The climatic events that contributed to the expansion of the Mongols were global -- known as the the Medieval Climatic Anomaly. They had a profound effect on Europe during the medieval period. They were also influential in many other parts of the world, including North America. In Egypt, droughts from the ninth to the early part of the thirteenth century A.D., led to severe famines and political upheaval.

The end of the glorious Tang Empire of China (907 A.D.) is now believed to have been hastened by climate change. Historic shifts in the annual monsoon cycle in China may have pushed the Tang Dynasty into terminal decline: a prolonged drought and poor summer rains fuelled peasant uprisings that brought about the dynasty's end. Archaeologists found evidence of stronger winter monsoon winds leading to migrations of rain associated with the Intertropical Convergence Zone from 700 to 900 A.D. A similar climatic event contributed to the collapse of the Classic Maya in Central America.

It is important to stress that climatic change is only one of the many causes of the collapse of civilizations, and that perhaps more important factors are those related to how societies are governed. Perhaps the effect of climate change on the Tang Empire would have been averted had the aging Emperor Xuanzong not been complacent or indifferent to State affairs; or had he not appointed wicked chancellors who corrupted the political order and by 755 A.D. possibly unable to prevent the enemy troops to menace the empire?
Is not a military imperial system vulnerable to climate change? Would a system without oppressive military rule evaded the rise of separatist forces during the eighth and ninth centuries A.D.? Finally, would a more equitable and charitable policy by the Tang Emperor towards peasants prevented their large-scale uprising in 859 A.D.?

Let us not single out climate change as the principal cause for the rise or collapse of civilizations. Then and now, climate change can be handled by systems of management which ensure that unjust actions do not impair the vitality of the natural habitat, that rulers do not overexploit the masses for the benefit of a few, and do not resort to military power to colonize or plunder the resources and peoples of other nations.

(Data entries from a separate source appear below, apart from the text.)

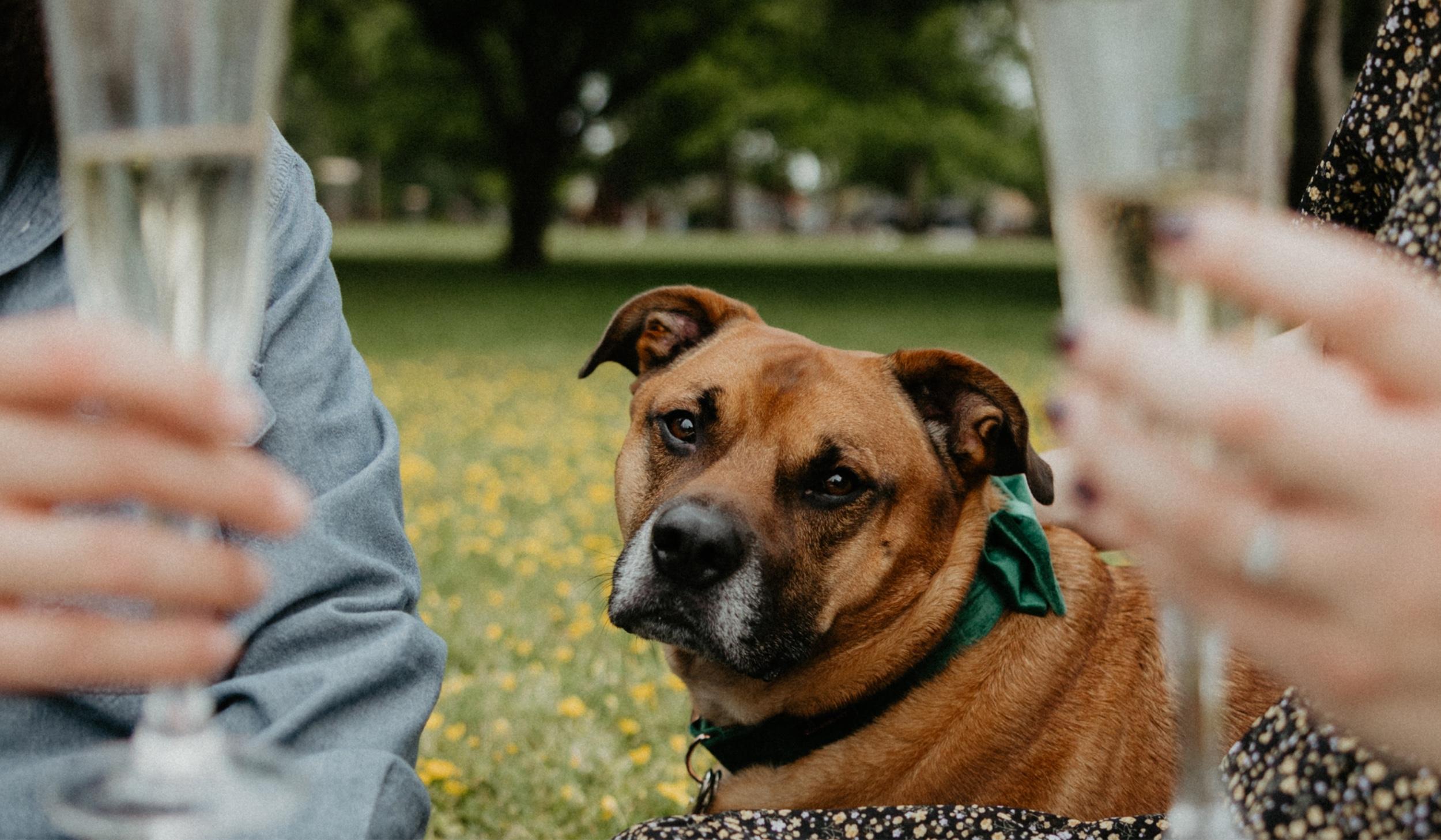 Hero Slideshow Image 0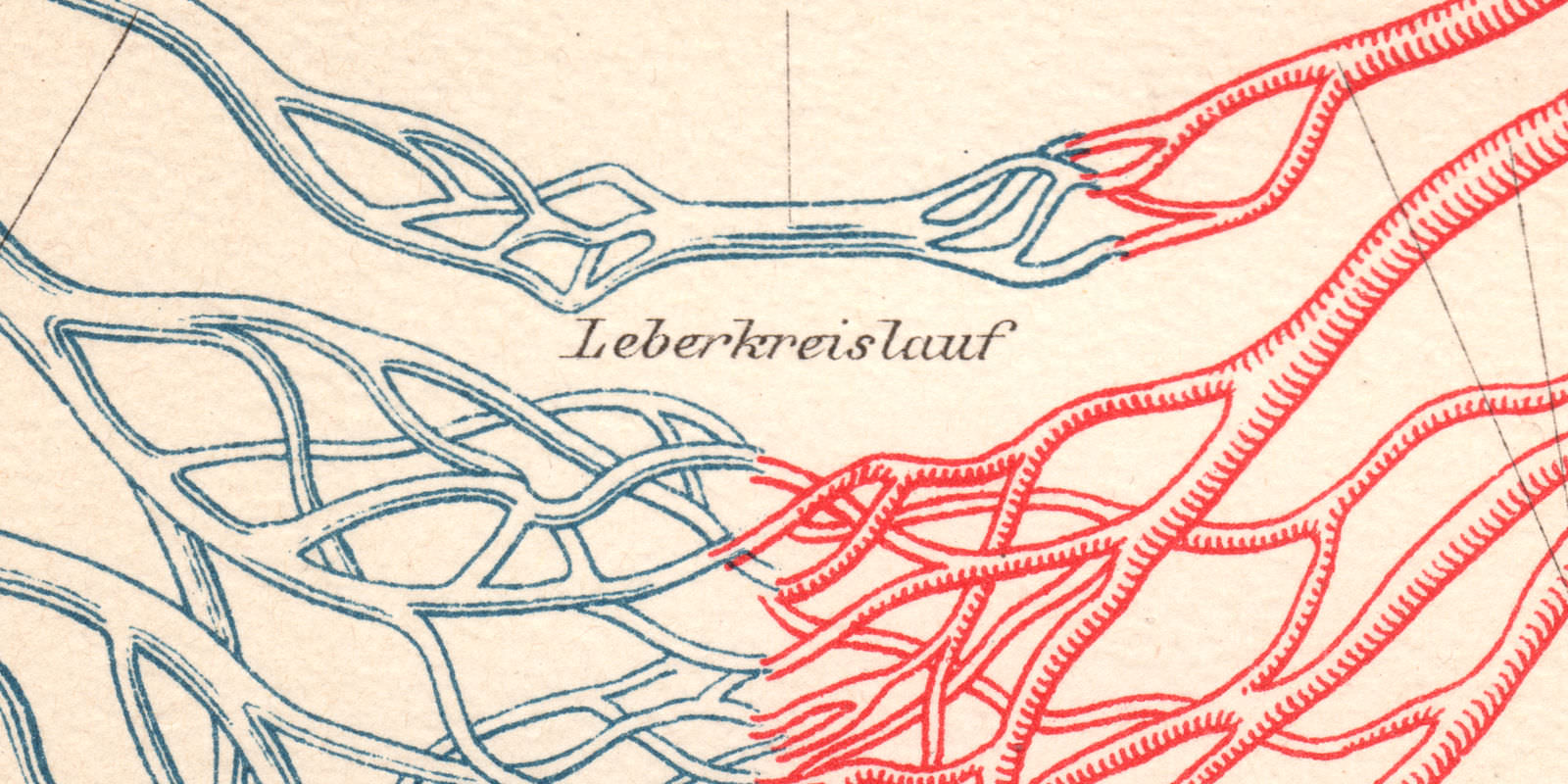 Blutkreislauf des Herzens ca 1894 Chromolithographie historische Bildtafel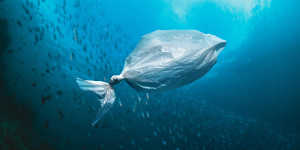 Τεράστιο επίτευγμα: Ερευνητές δημιούργησαν πλαστικό που διαλύεται στο θαλασσινό νερό σε λίγες ώρες Τεράστιο επίτευγμα: Ερευνητές δημιούργησαν πλαστικό που διαλύεται στο θαλασσινό νερό σε λίγες ώρες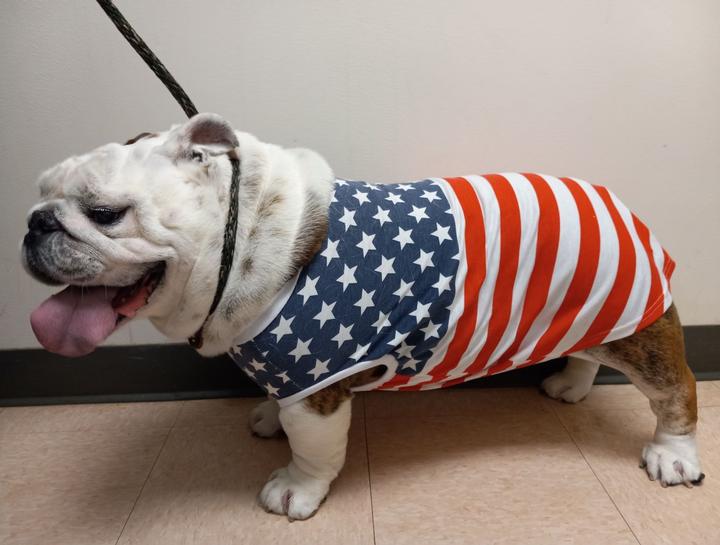 Dog Genetic Testing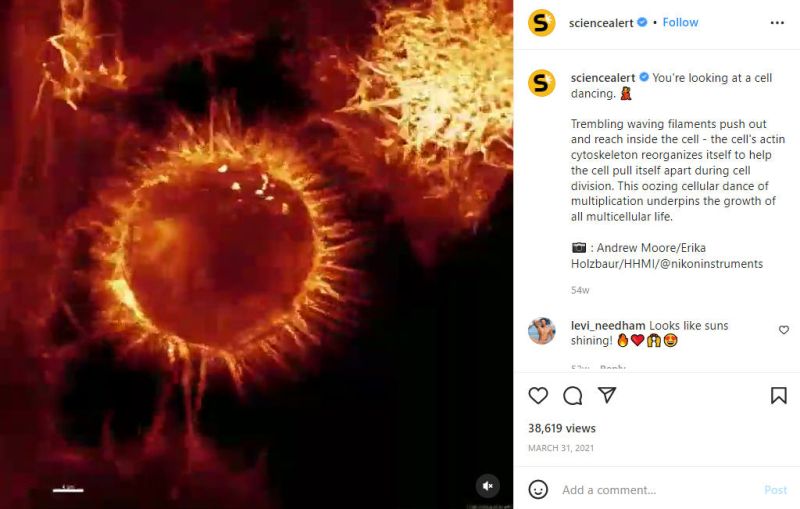 Tangkapan layar dari video Instagram Science Alert yang menunjukkan sel bergerak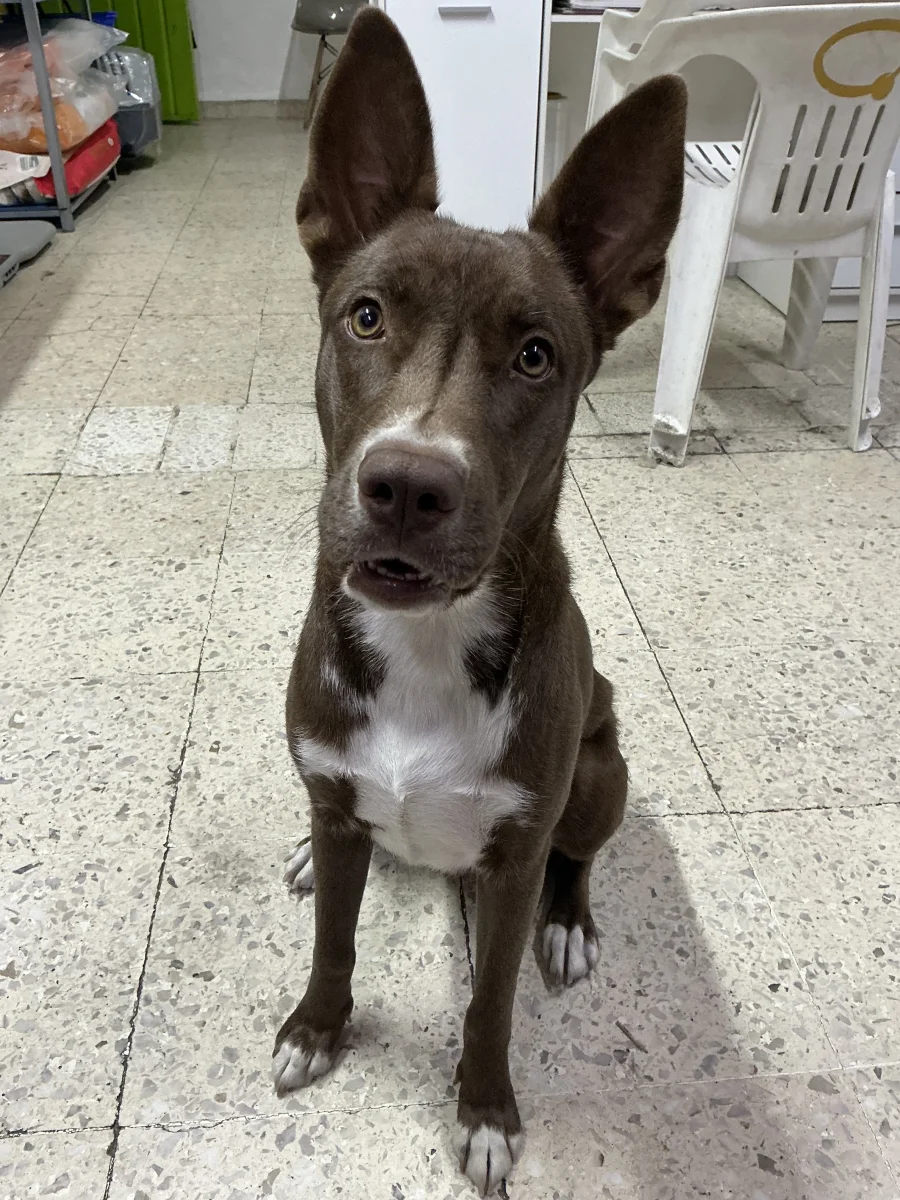 Foto de Kass con microchip 990000014773081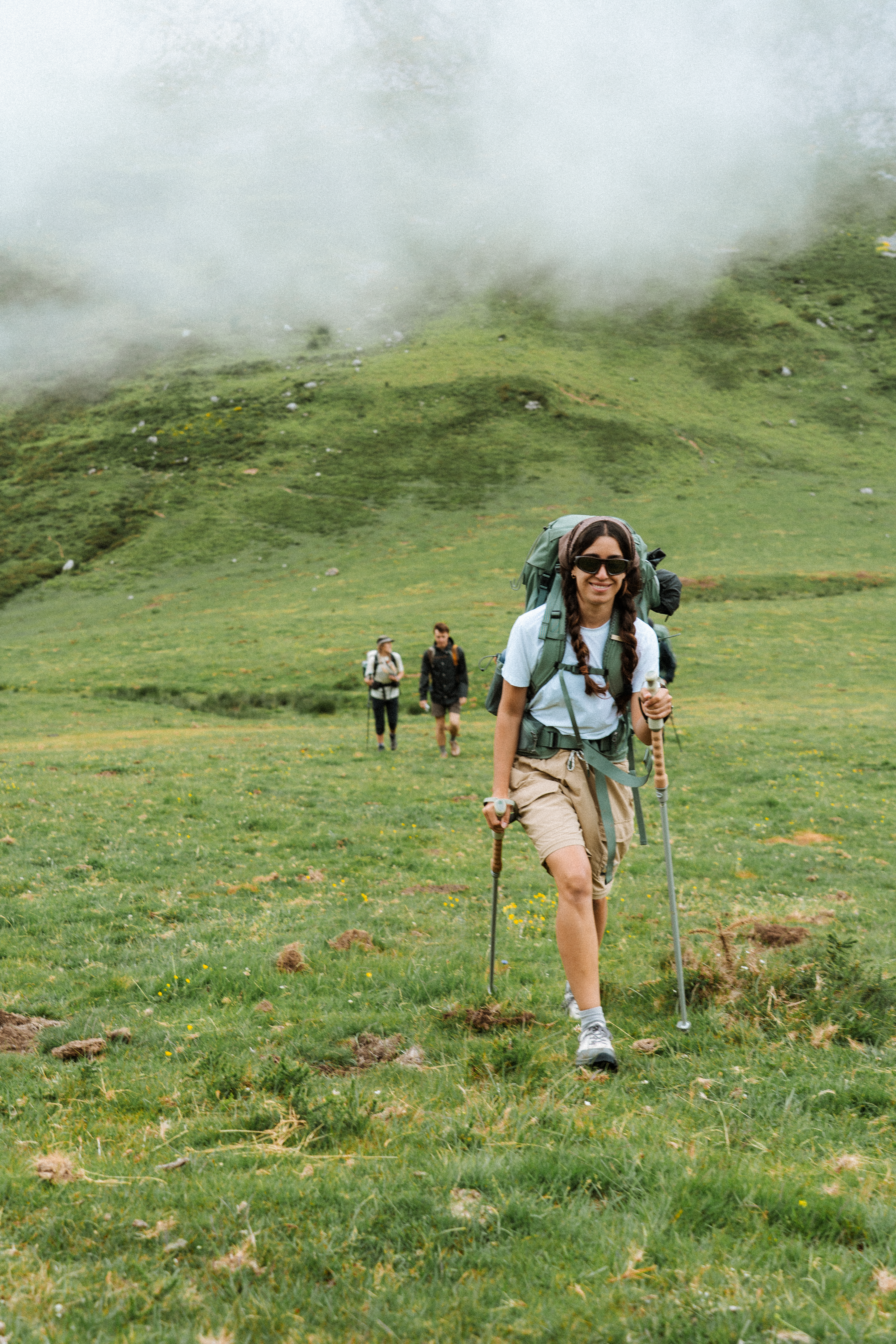 Image of a T3 Trekking Poles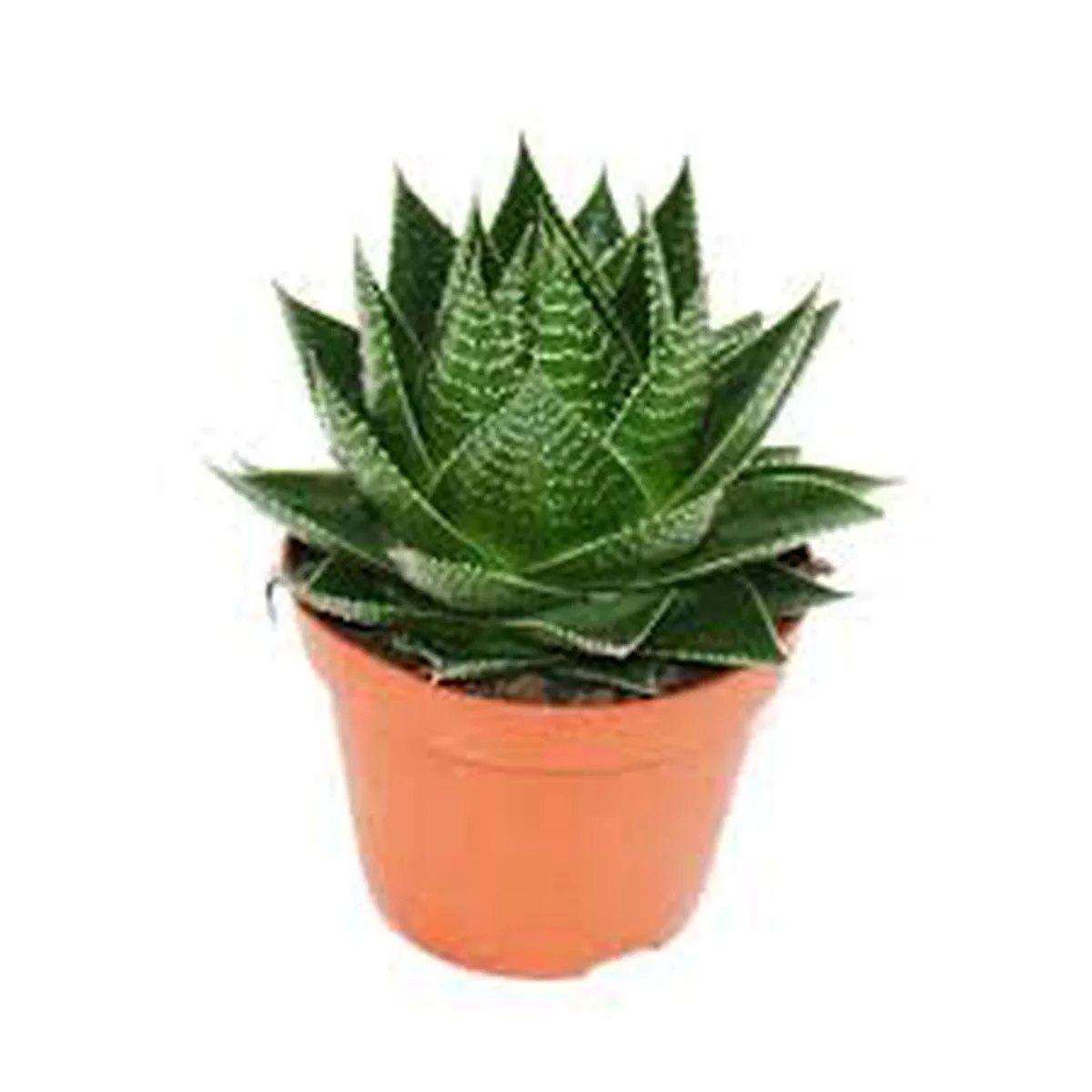 Aloe Cosmo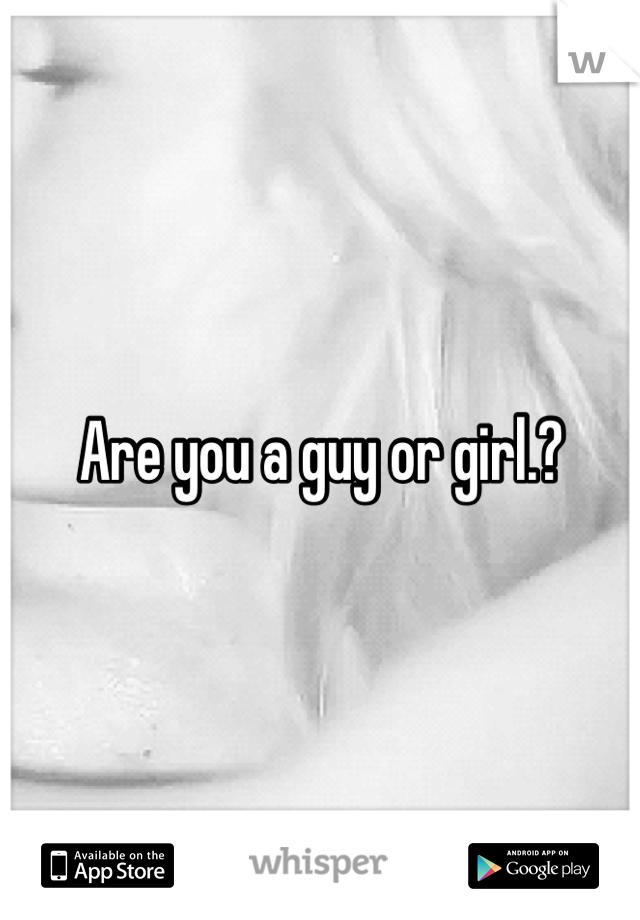Are you a guy or girl.?
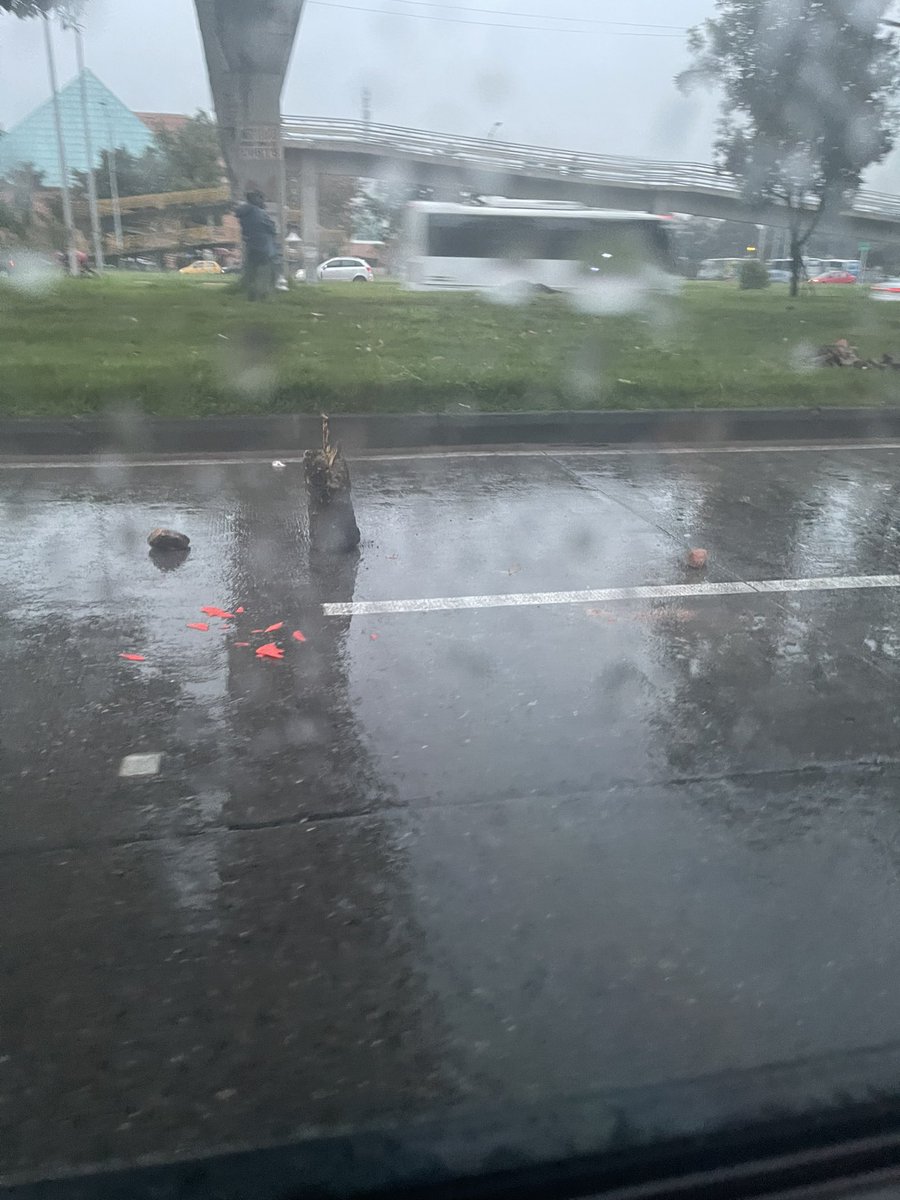 estemartinez's tweet photo. @JBotanicoBogota @SectorMovilidad  Esta es la manera de poner señalización cuando hay una volqueta en plena hora pico, reitero la consulta hay PMT para esta intervención y cuáles son los controles de su cumplimiento?  Consulta a manera derecho de petición https://t.co/UHrrqZO2ZZ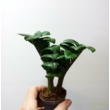 Zamioculcas zamiifolia zenzi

Just like many previous social systems that have become extinct, we are extremely vulnerable. Indeed, the situation is now worse because the economies of all nations are closely interconnected and because the cumulative effect of polluting the planet by industrialization over the last 200 years is now threatening a global climatic upheaval. The planet has also become overpopulated, overcrowded, and over-urbanized. Within the last 50 years, the demand for water, to single out one of our vital resources, has risen, depriving more than the one billion people from access to clean drinking water. In my opinion, there is no solution for resolving our global crisis without putting aside short-sighted, nationalistic policies, and financial enterprises and forging a global managerial institution. Such an institution would unify and coordinate the know-how, the financial and human resources of all nations, to rehabilitate our threatened environments, and promote and disseminate new, safe technologies to reduce hunger and poverty. Global warming -- to which industrial countries have heavily contributed -- is a wake up call, not just to the threats of climate change, but more importantly to the current deficiency in our political and social institutions and values.